It was freezing cold here in New York last Saturday morning and to keep our drafty brownstone toasty warm (us lacking a wood burning stove in the kitchen), I turned the oven to 350 degrees. And not wanting to waste all that good heat, I decided to whip up this recipe. Plus DH loves a good coffee cake, especially the crumb topping.
This is a delicious cake, and practically ingenious -- no need to make a separate mixture for the crumb topping, The topping is simply part of the cake mixture (removed before the wet ingredients are added), reserved and sprinkled atop the cake before baking.
This cake speaks to a time when baking short-cuts (like this unusual all-in-one topping) saved time without sacrificing wholesomeness, flavor or quality. They allowed for home-baked goods from scratch -- not from a mix made of ingredients put together six months earlier in some factory in Iowa.
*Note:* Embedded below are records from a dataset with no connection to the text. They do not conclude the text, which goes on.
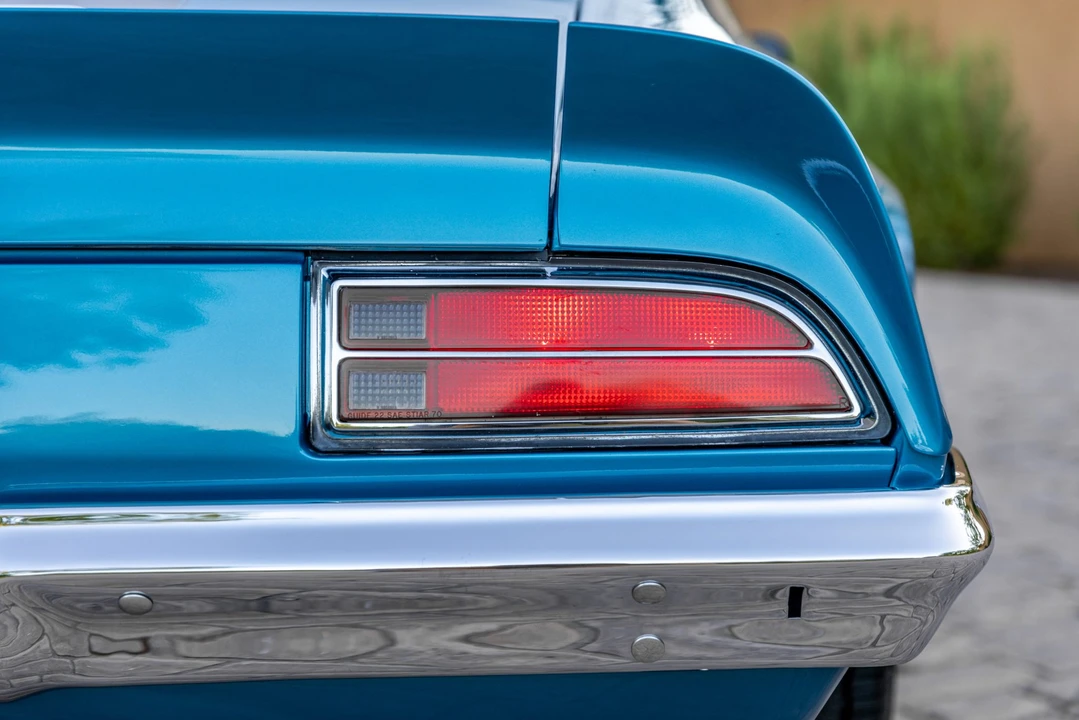1970 Pontiac Firebird Trans Am 2nd Gen - Image 19 of 31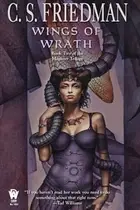 Book cover of Wings Of Wrath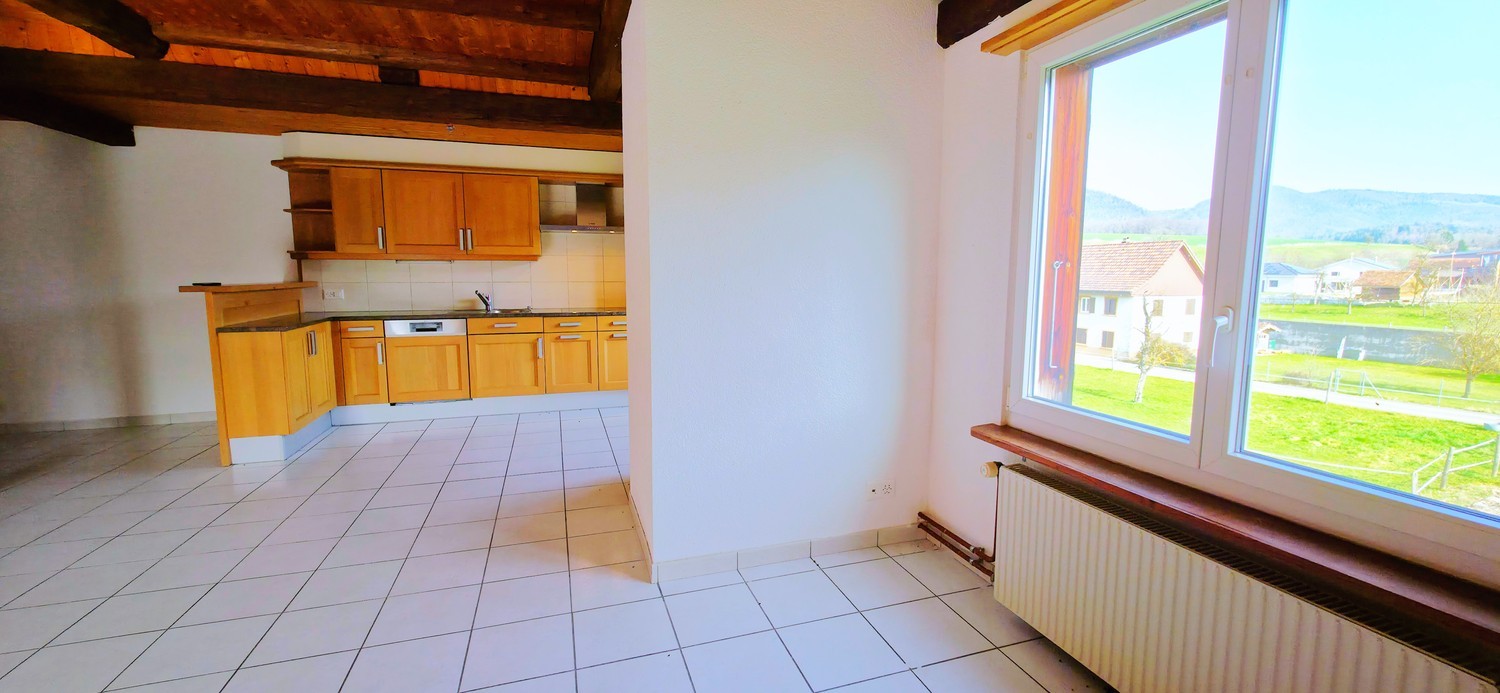 Appartamento di 4 ½ locali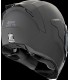 Helm Icon Airflite schwarz mat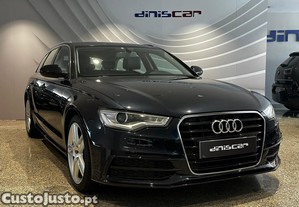 Audi A6 2.0 TDi Business Line S-line Multitronic - 14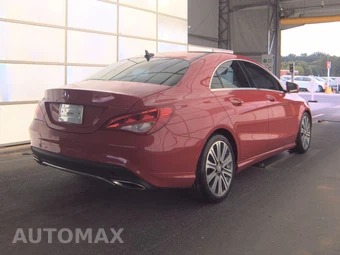 2017 Mercedes-Benz CLA 250 – miniatura 4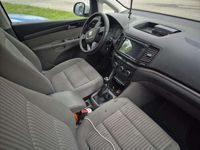 gebraucht Seat Alhambra Style 2,0 TDI CR DPF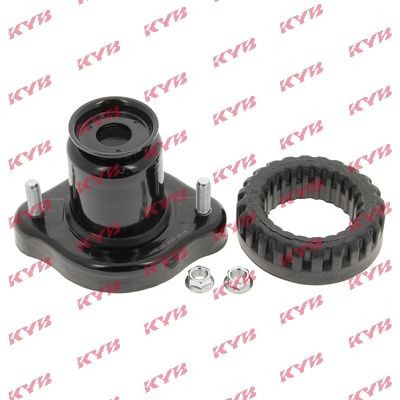  Suporte de amortecedor traseiro Jeep Compass LIMITED SUV (MK49) (2006 - 2016) LIMITED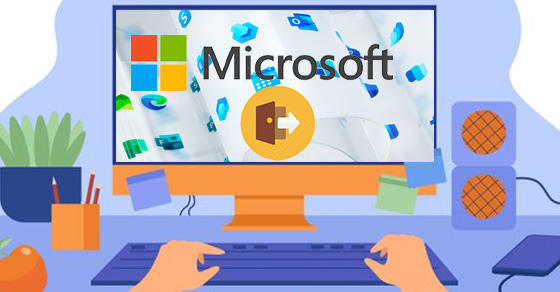 [Video] Cách đăng xuất tài khoản Microsoft trên máy tính Windows 10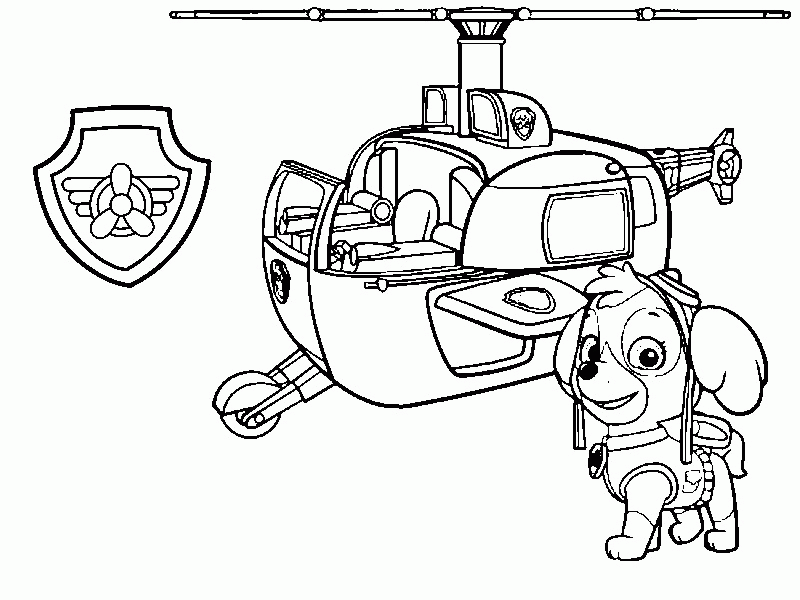helicoptero-la-patrulla-canina-para-colorear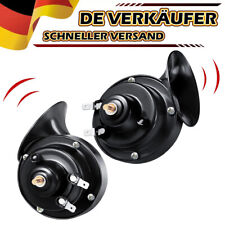 2x 300DB 12V clacson auto clacson elettrico lumaca suono suono clacson camion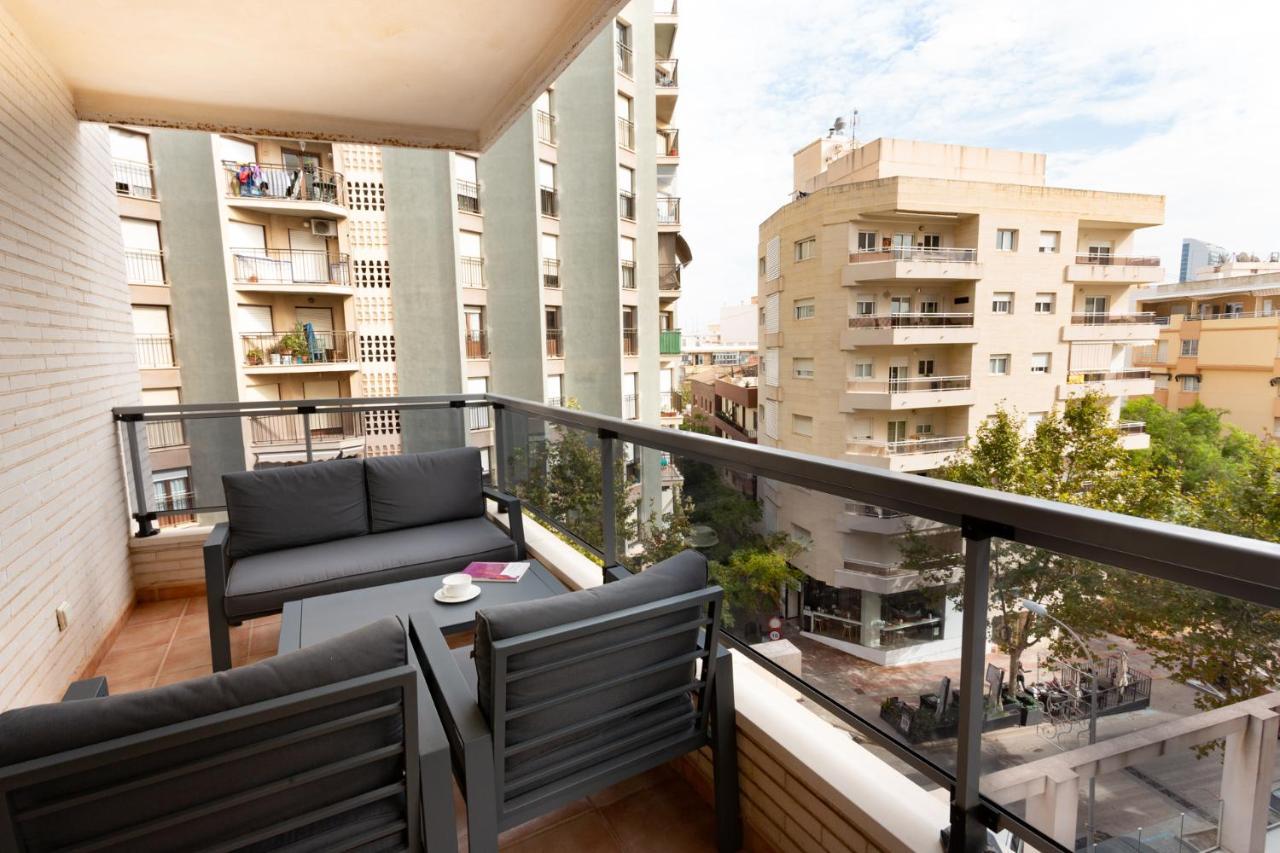 Plazamayor Calpe Exteriör bild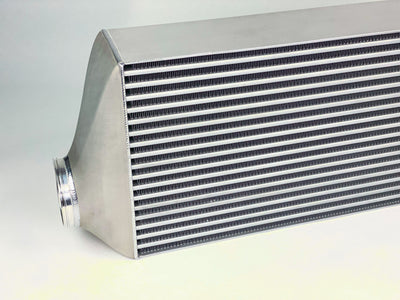 135 x 320 CONDENSED Intercooler - Cast Tanks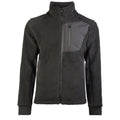 Mil-Tec Sherpa Fleece Jack Bearforce Warm Teddy Fleece Outdoor Zwart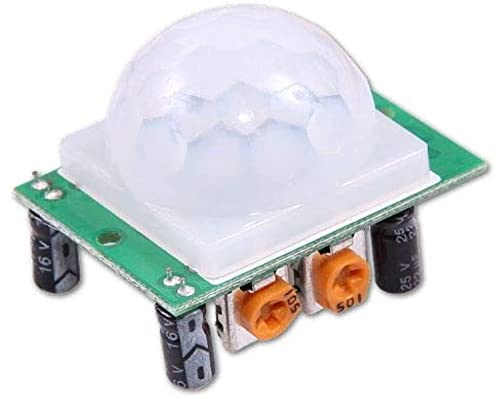 HC-SR501 IR Pyroelectric Motion Sensor Detector Module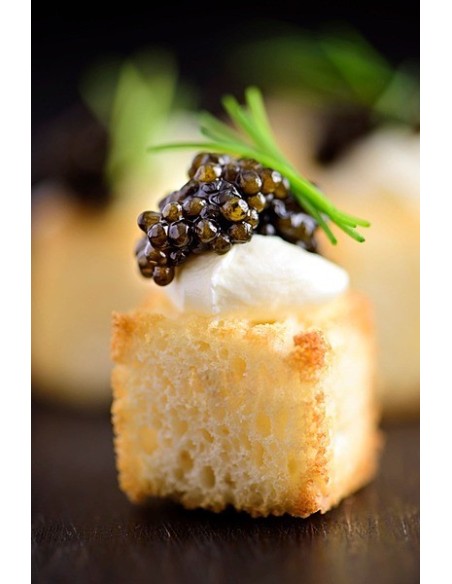 Caviar Bolshoi Imperial Osetra 100g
Cub Cake is one of those cakes that perfume the whole kitchen and is so easy to put together, that I imagine it was made often as an after-school (or after church) treat. Today, one might be tempted to add more butter, and perhaps some chopped nuts, to make the topping richer. But then, one would miss the beauty of the simplicity of this "everyday" cake. And despite the recipe author's instruction to serve warm, it actually tastes better the day after it's baked, the flavors having a chance to marry.